**Activity**
Every record must appear in the answer exactly as it stands.

**Exercise materials**
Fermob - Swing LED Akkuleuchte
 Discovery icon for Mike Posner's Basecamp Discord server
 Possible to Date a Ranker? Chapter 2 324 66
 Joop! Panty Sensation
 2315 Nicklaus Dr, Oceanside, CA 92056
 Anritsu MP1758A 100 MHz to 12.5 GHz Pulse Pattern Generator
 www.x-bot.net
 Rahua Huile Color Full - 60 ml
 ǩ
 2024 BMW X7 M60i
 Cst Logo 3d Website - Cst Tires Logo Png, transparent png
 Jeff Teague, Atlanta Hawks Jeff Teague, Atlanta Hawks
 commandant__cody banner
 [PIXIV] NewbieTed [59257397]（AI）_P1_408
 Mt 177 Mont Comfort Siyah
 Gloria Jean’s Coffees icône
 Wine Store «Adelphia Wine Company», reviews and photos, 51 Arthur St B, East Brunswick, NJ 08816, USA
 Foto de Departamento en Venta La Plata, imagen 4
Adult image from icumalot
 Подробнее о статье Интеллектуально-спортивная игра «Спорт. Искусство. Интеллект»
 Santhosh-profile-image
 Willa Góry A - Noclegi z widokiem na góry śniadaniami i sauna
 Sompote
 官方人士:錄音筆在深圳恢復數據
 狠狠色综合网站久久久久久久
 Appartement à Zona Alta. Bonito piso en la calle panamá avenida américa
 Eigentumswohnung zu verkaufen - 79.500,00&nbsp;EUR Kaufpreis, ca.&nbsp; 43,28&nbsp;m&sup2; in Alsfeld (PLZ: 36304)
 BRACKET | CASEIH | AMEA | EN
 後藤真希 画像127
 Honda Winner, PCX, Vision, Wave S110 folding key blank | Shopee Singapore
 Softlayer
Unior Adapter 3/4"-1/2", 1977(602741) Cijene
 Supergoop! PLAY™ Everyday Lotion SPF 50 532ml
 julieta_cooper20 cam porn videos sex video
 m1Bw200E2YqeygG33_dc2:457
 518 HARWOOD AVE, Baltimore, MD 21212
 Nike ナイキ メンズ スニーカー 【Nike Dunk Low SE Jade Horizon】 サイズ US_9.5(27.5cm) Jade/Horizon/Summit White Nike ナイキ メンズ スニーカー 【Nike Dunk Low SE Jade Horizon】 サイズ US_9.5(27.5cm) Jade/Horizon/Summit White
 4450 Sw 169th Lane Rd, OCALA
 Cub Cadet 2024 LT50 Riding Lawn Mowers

**Response below**
Fermob - Swing LED Akkuleuchte
 Discovery icon for Mike Posner's Basecamp Discord server
 Possible to Date a Ranker? Chapter 2 324 66
 Joop! Panty Sensation
 2315 Nicklaus Dr, Oceanside, CA 92056
 Anritsu MP1758A 100 MHz to 12.5 GHz Pulse Pattern Generator
 www.x-bot.net
 Rahua Huile Color Full - 60 ml
 ǩ
 2024 BMW X7 M60i
 Cst Logo 3d Website - Cst Tires Logo Png, transparent png
 Jeff Teague, Atlanta Hawks Jeff Teague, Atlanta Hawks
 commandant__cody banner
 [PIXIV] NewbieTed [59257397]（AI）_P1_408
 Mt 177 Mont Comfort Siyah
 Gloria Jean’s Coffees icône
 Wine Store «Adelphia Wine Company», reviews and photos, 51 Arthur St B, East Brunswick, NJ 08816, USA
 Foto de Departamento en Venta La Plata, imagen 4
Adult image from icumalot
 Подробнее о статье Интеллектуально-спортивная игра «Спорт. Искусство. Интеллект»
 Santhosh-profile-image
 Willa Góry A - Noclegi z widokiem na góry śniadaniami i sauna
 Sompote
 官方人士:錄音筆在深圳恢復數據
 狠狠色综合网站久久久久久久
 Appartement à Zona Alta. Bonito piso en la calle panamá avenida américa
 Eigentumswohnung zu verkaufen - 79.500,00&nbsp;EUR Kaufpreis, ca.&nbsp; 43,28&nbsp;m&sup2; in Alsfeld (PLZ: 36304)
 BRACKET | CASEIH | AMEA | EN
 後藤真希 画像127
 Honda Winner, PCX, Vision, Wave S110 folding key blank | Shopee Singapore
 Softlayer
Unior Adapter 3/4"-1/2", 1977(602741) Cijene
 Supergoop! PLAY™ Everyday Lotion SPF 50 532ml
 julieta_cooper20 cam porn videos sex video
 m1Bw200E2YqeygG33_dc2:457
 518 HARWOOD AVE, Baltimore, MD 21212
 Nike ナイキ メンズ スニーカー 【Nike Dunk Low SE Jade Horizon】 サイズ US_9.5(27.5cm) Jade/Horizon/Summit White Nike ナイキ メンズ スニーカー 【Nike Dunk Low SE Jade Horizon】 サイズ US_9.5(27.5cm) Jade/Horizon/Summit White
 4450 Sw 169th Lane Rd, OCALA
 Cub Cadet 2024 LT50 Riding Lawn Mowers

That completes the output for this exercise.